DSK, Président du FMI jusqu’au 14 Mai 2011, nous aurait-il caché sciemment l’état de santé de la zone euro et de notre système financier européen ? Assurément, oui !
Il connaissait mieux que personne l’état de dégradation des comptes grecs, et le risque de contagion aux autres états.

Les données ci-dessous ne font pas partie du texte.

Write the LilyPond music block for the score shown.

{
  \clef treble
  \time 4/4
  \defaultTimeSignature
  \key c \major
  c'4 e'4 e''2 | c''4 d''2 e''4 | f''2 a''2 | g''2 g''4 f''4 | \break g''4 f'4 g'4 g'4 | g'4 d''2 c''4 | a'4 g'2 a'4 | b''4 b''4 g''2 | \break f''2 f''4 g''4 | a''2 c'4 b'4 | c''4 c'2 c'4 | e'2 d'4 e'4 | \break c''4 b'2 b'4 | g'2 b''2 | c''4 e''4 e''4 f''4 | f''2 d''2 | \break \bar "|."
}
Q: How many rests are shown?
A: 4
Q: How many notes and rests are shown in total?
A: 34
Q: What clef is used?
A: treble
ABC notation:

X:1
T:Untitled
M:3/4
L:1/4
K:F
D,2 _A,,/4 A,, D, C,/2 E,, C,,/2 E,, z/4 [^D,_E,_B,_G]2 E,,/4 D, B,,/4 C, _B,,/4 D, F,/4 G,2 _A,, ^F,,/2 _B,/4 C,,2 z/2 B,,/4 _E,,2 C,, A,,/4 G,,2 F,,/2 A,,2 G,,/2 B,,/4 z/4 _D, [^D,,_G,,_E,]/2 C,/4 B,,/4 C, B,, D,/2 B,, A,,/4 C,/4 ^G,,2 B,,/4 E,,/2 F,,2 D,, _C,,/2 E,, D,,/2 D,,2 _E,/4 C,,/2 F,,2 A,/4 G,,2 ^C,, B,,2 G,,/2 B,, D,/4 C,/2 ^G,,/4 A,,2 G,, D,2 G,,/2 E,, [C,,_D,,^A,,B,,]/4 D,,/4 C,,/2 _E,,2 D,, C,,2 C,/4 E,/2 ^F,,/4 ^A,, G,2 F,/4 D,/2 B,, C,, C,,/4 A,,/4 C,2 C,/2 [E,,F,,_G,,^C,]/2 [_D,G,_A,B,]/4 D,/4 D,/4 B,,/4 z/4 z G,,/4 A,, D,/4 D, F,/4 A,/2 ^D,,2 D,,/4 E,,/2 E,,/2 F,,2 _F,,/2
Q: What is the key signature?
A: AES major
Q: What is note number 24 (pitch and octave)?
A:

Tout est de la faute de DSK ! Et ce n’est pas Nicolas Sarkozy, ni François Hollande qui s’en plaindront !
DSK aurait dû caresser le rêve, non pas d’être président de tous les Français, mais celui de tous les Européens pendant au moins 5 ans, avec un vrai gouvernement et de vrais ministres dotés d’un vrai pouvoir de décision ; un vrai ministre des Finances, un vrai ministre du Budget, un vrai ministre des Affaires sociales, un vrai ministre de l’Industrie et du Commerce, un vrai ministre du Système bancaire et de l’Euro.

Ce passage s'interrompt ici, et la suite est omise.